You didn't think I was done, did you? I am far from done. You have no idea. Please also realize that as I post this picture - what song is blasting through my apartment? "Twlight". by ELO. Unbelievably, I am able to juggle many obsessions at one time.
Also, hopefully there will be a new development in the Dino realm by next week ... I'm working on something which potentially could be one of the most hysterical things I've ever done. Stay tuned.
But anyway. I love this picture. I love how hard Shirley [Maclaine - not Temple. Okay??] is laughing. And I love the look on his face. It seems that he is happy to have made her laugh. That was his thing. The stories she tells of her time with the Rat Pack are hilarious. She came to my school and one of the things she said about her friendships with all those guys, "I was the only virgin in that group." hahahahahaha But they loved her talent (especially Sinatra - who positioned her in Some Came Running so well that she ended up being nominated - Apparently he said to Vincente Minelli, the director: "If you have the kid die - she'll get nominated." Sinatra referred to Shirley as "the kid". You know. The only virgin in the bunch.) Say what you want about Sinatra. He was one of the most generous people in the business. Or - he COULD be. If you were talented and you worked hard. If you were those things, there was nothing he would not do for you. But if he thought you were wasting his time? He'd be the most difficult mo-fo on the planet. But anyway - they all loved Shirley. She was one of the boys. Virginity and all. She played poker. She cleaned up after them. They looked out for her.
Love this photo.
All Dino posts here.
For some reason, and I have no idea why, but for some infathomable reason I expected to see Shirley Temple in that picture. A kid Shirley Temple, not even a Bachelor and the Bobby Soxer Shirley Temple. Picture little Shirley Temple in a smoke filled room playing poker with Sinatra and pals, talking like a grizzled card shark. "I'm called the virgin because when I play all the rest of the chumps get screwed."

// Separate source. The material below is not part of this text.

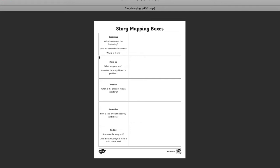So we don't really know the ending of our story just yet. We're going to find that out tomorrow, but we're going to look at some story mapping today. That's our learning objective: I can map out a story based on one that I've heard or one that I've read.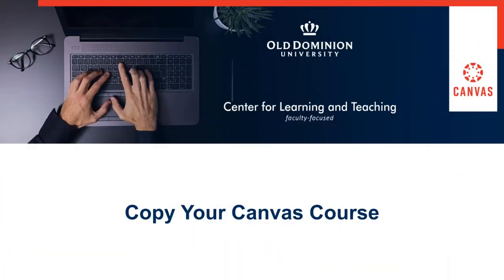Welcome to Copying Your Canvas course. In this portion we will be discussing importing content.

Posted by: dorkafork at September 22, 2006 12:40 PMDude - I am guffawing. Seriously. Now I can't get that picture out of my mind.
HAAAAAAAAAAAAAAAAAAAA
You know, I think Dean in his prime could give us a fantastic version of Twilight, fwiw.

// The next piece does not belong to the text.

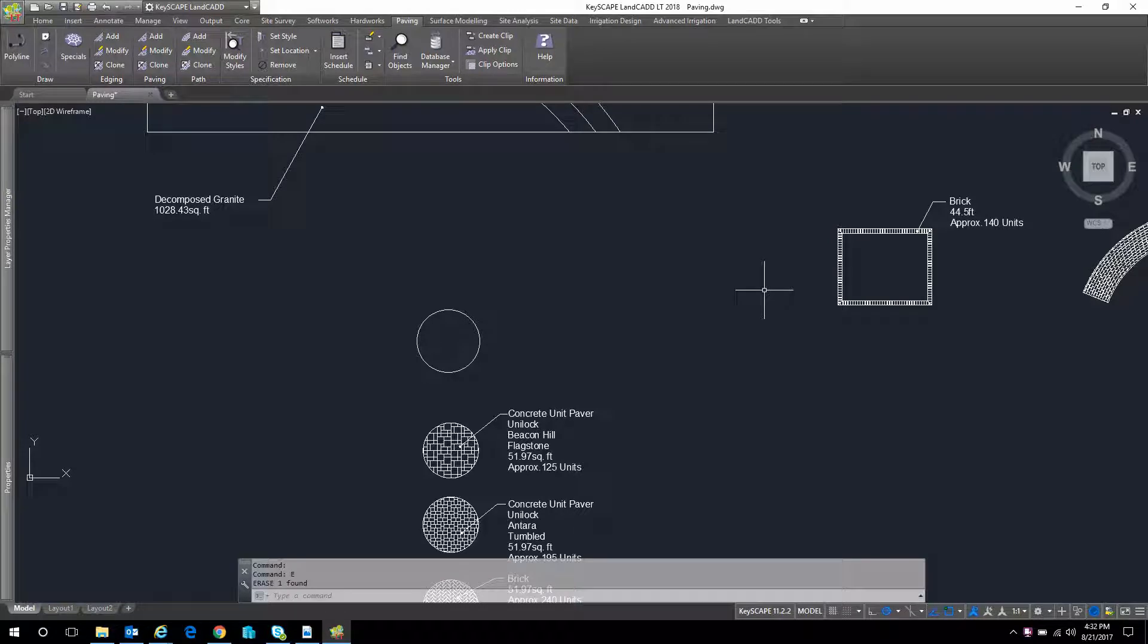Hi, this is Nate with Keysoft Solutions. Today I'm putting together a quick video with our paving module, and I want to explain how to create a custom paving pattern.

I totally dig the wood panelling and the albums in the corner. Is Dino holding a golf club there?
PS - young Shirley Maclain - ga-ROWLLL.
Posted by: Nightfly at September 22, 2006 1:19 PMyou're right. i love her look. i love his look. i can hear her laughing from a still photograph. whoever captured that deserves an award of some kind.

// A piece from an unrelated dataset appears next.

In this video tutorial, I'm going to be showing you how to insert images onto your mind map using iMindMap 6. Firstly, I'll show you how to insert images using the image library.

Posted by: amelie / rae at September 22, 2006 1:32 PMshe looks like she's about 3 seconds from falling over into a pile of laughing. So great. Love that. :)
Posted by: alli at September 22, 2006 4:37 PMHow easy it is to forget what a hottie young Ms. McClaine was. Dang.
Posted by: Dan at September 22, 2006 5:59 PMAmazing picture.
Totally random:
Those sexy shoulder cutouts
The way the dress is falling off her shoulder
The eclectic jewelry
Her fingers, so long and pretty and graceful
Those wrinkles across her nose -- I can't stop looking at them
And that twinkle in his eye -- he's utterly present in that moment
Posted by: tracey at September 22, 2006 8:30 PMred, your Dino obsession is the first thing that brought me out of the funk where I have literally listened to nothing except Syd Barrett and Pink Floyd since Syd died.
I put on some greatest hits Dino compilation on cassette I have tonight - gotta get more of his stuff - but anyway, on to the story of how I came to own it. My 300 pound black neighbor dude came over one night and said he'd recently come into possession of a bunch of tapes and wanted to know if I fancied taking a look through them to see if there was anything I wanted. I scored big time that night. They were only cassettes, but he had some great stuff. Mario Lanza, Bing Crosby, Dino, etc. I don't EVEN want to know how he came about them. Anyway, when he first told me about the tapes, I asked what he had. His answer? "I don't know. White shit."
Posted by: Emily at September 22, 2006 9:40 PMOh man, what a great picture. What a beautiful moment!
Posted by: Kerry at September 23, 2006 12:19 AMWhite shit. Oh my God, that is so so hilarious.